INPUT MATERIAL –
● ● ● ● ● ● ●

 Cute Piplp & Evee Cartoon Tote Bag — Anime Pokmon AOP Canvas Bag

● ● ● ● ● ● ●

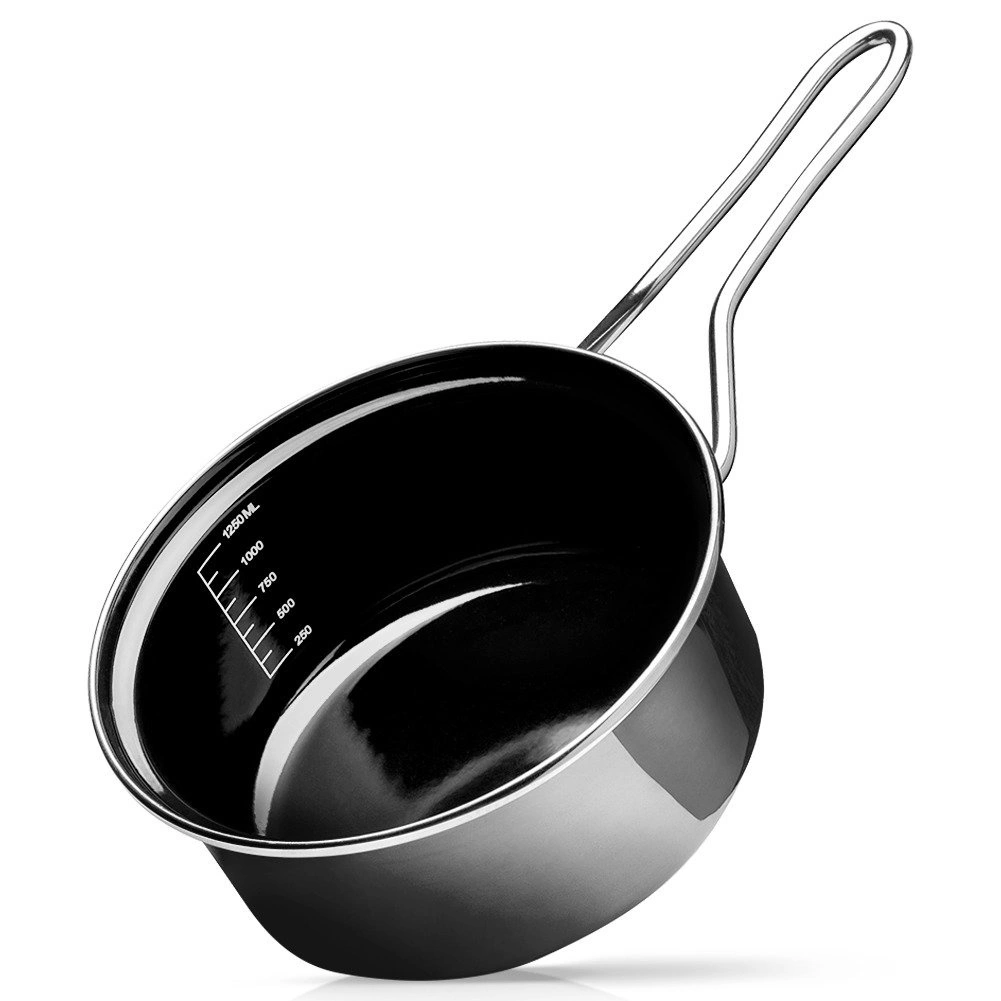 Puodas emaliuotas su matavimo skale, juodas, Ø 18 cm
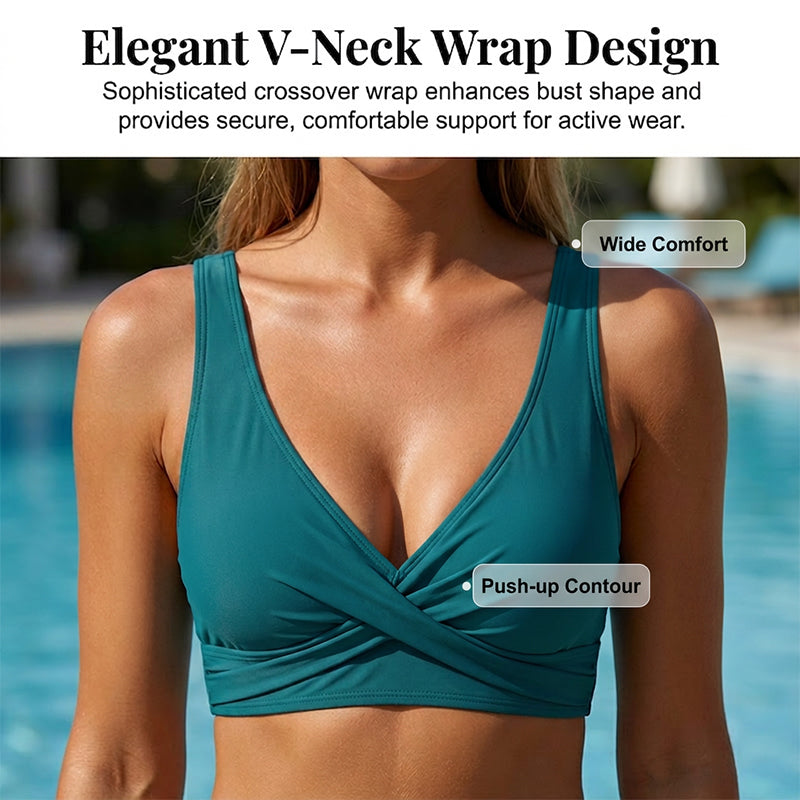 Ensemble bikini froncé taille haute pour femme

● ● ● ● ● ● ●

REQUIRED WORK – Return only the part above that opens with the line containing "Puodas emaliuotas su" and closes with the line containing "Ensemble bikini froncé", exactly and with both ends, skipping the pictures.

EXPECTED OUTPUT –
 Puodas emaliuotas su matavimo skale, juodas, Ø 18 cm
 Ensemble bikini froncé taille haute pour femme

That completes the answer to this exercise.